+++ Material provided +++

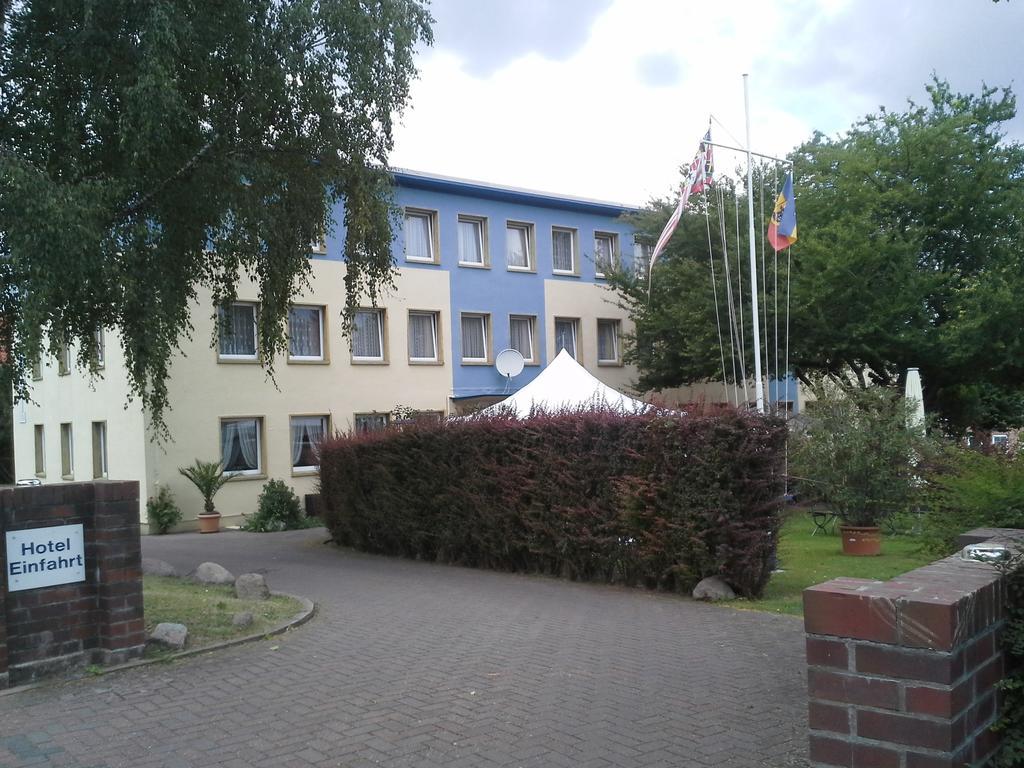 Hotel Bertramshof Висмар Экстерьер фото
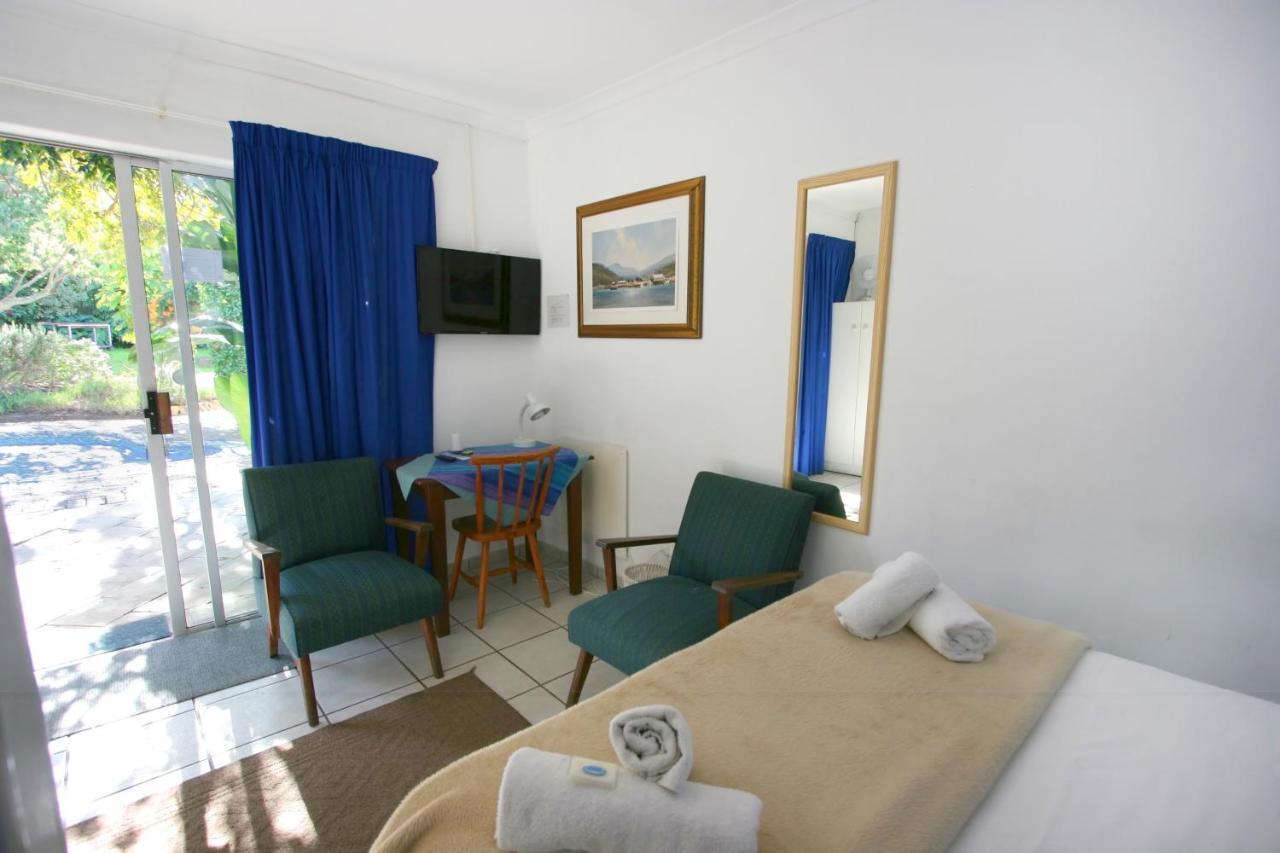 Clouds Guest House Durbanville Exterior photo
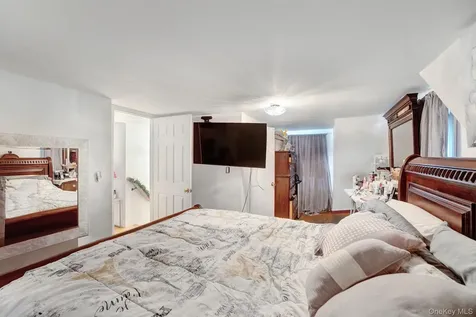 91 Cedar Road Amityville NY 11701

+++

Task brief
Nothing but the pictures should be left out when the listing is repeated exactly.

Task output
 Hotel Bertramshof Висмар Экстерьер фото
 Clouds Guest House Durbanville Exterior photo
 91 Cedar Road Amityville NY 11701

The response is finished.